Trois mois avant sa mort, l’archevêque émérite a produit un ouvrage dans lequel il se confie sur ce conflit et les tentatives de résolution.
C’est le dernier ouvrage qu’il a produit avant son décès. Un livre 82 pages dans lequel Christian Cardinal Wiyghansai Tumi livre sa part de vérité sur le conflit dans les deux régions du Nord-Ouest et du Sud- Ouest. Dans ce mémoire de 80 pages intitulé « Ma nuit en captivité » rédigé avec la collaboration du Pr Charles Ngadjifna et de Martin Jumbam, l’auteur, au fil des 10 chapitres, retrace les négociations accrues, engagées en coulisses pendant plusieurs mois, depuis la genèse de ce qui n’était encore qu’une crise mineure, jusqu’au moment où il écrit ce livre. Dans le document paru chez M.C. éditeurs en décembre 2020, l’auteur raconte également les circonstances de son arrestation, de sa séquestration le mercredi, 04 novembre 2020 à Ndop, de sa libération, ainsi que les propositions, en guise de conclusion, pour sortir définitivement de cette crise qui continue de faire des victimes.
Dans son livre, l’archevêque émérite de Douala réitère la proposition de sortie de crise en page 78 : « l’armée doit retourner à la caserne où est sa place et les sécessionnistes doivent rendre les armes ». Et de poursuivre. « Alors que cette guerre s’éternise, je continue de réfléchir à ce qui se passerait si l’armée retournait à la caserne et que les « amba boys » refusaient de rendre les armes. Plus j’y pense, plus je suis convaincu que si l’armée devait se retirer dans les casernes et que les « amba boys » refusaient de déposer les armes, l’armée, qui est connue pour imposer l’ordre et la discipline, devrait sortir à nouveau des casernes et prendre le pouvoir dans le pays pendant une courte période. Après avoir imposé l’ordre et la discipline, elle devrait ensuite organiser les élections, rendre le pouvoir aux civils et se retirer dans les casernes, où est sa place ».
Tractations
Tout en indiquant par la suite qu’il n’a « personnellement jamais été favorable à un régime militaire, où que ce soit ». « Ma nuit en captivité » ne se limite pas à ces lignes. Dès le premier chapitre, l’auteur principal raconte les efforts de conciliation faits pour mettre un terme à la guerre alors que le gouvernement et les « amba boys » ne voulaient pas faire taire les armes. Il a alors convoqué un groupe d’autorités religieuses des deux régions concernées, à Douala, pour trouver des solutions, en tant qu’autorités morales, pour faire taire les armes. Il avait pris le soin de recueillir les avis des anglophones vivant à l’étranger et au Cameroun, sur, notamment, les causes et solutions de ce conflit. Et c’est ainsi que naît l’idée de la Conférence générale anglophone (Cga). Le cardinal espérait aussi voir naître un parti politique anglophone capable de défendre la cause anglophone.

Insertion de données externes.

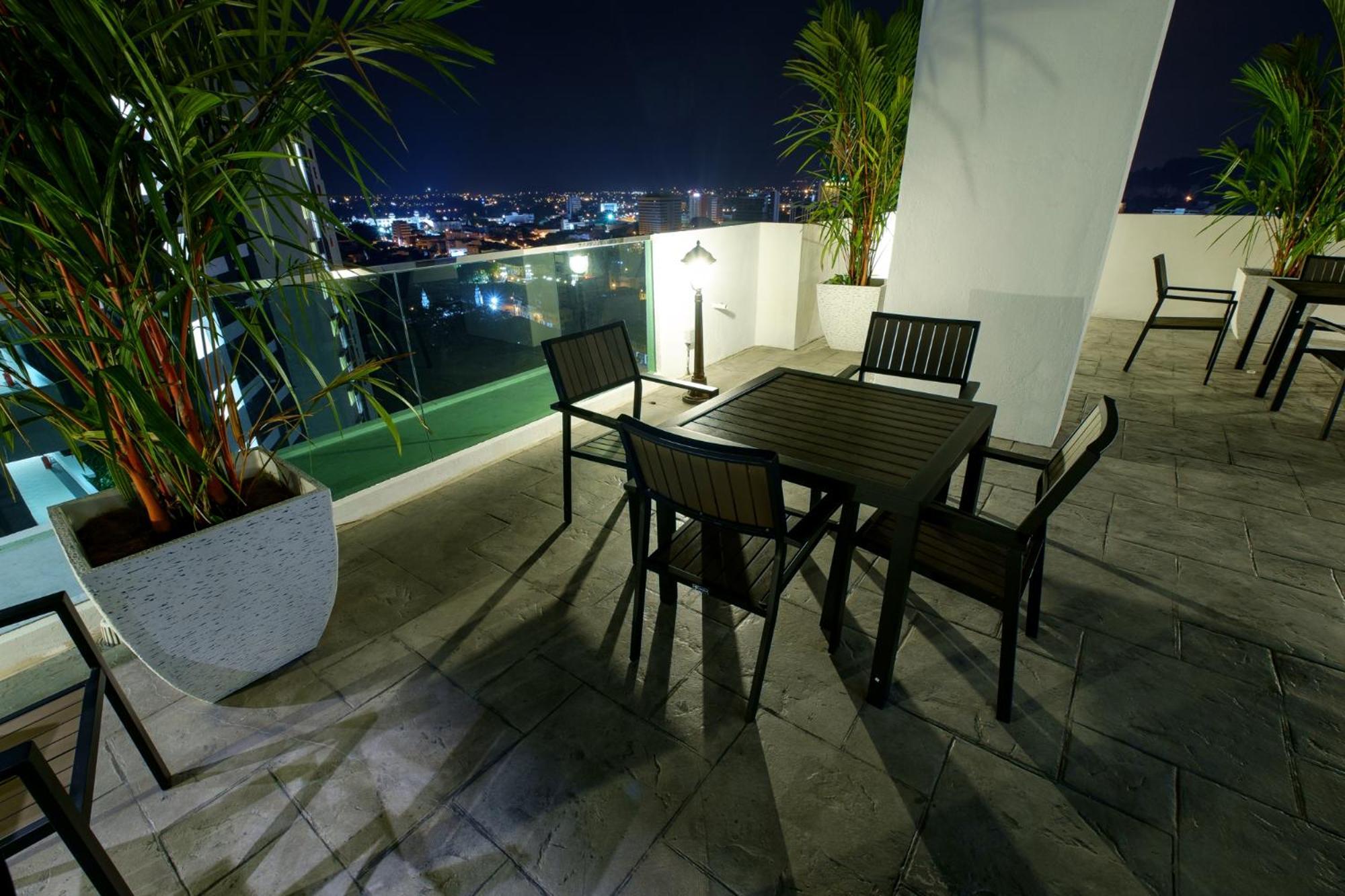 Apartment Majestic 3r2b By Ipoh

Hélas. Malgré plusieurs tentatives, la Cga ne se tiendra pas. Et le Grand dialogue national (Gdn) sera convoqué par le président de la République. Pourtant, la guerre continue longtemps après sa tenue. Enlevé avec le Fon de Nso, le cardinal passera une nuit en captivité, au cours de laquelle il en saura davantage sur les sécessionnistes. Une nuit au cours de laquelle il dit avoir vu le côté humain des ravisseurs qui s’étaient également laissés emportés par cette guerre.
« Il me revient le souvenir d’un enfant rencontré à Kaikai, qui m’a dit qu’ils n’étaient plus sûrs de ce pour quoi ils se battaient, qu’il n’y avait plus d’objectif clair et précis pour leur lutte. Certains de ceux qui nous avaient retenus captifs avaient aussi affirmé qu’ils avaient perdu de vue le but de leur lutte », écrit-il dans ce livre enrichi par des images postées par ses ravisseurs sur les réseaux sociaux. Un livre de poche écrit dans un langage accessible à tous et qui se lit d’un trait.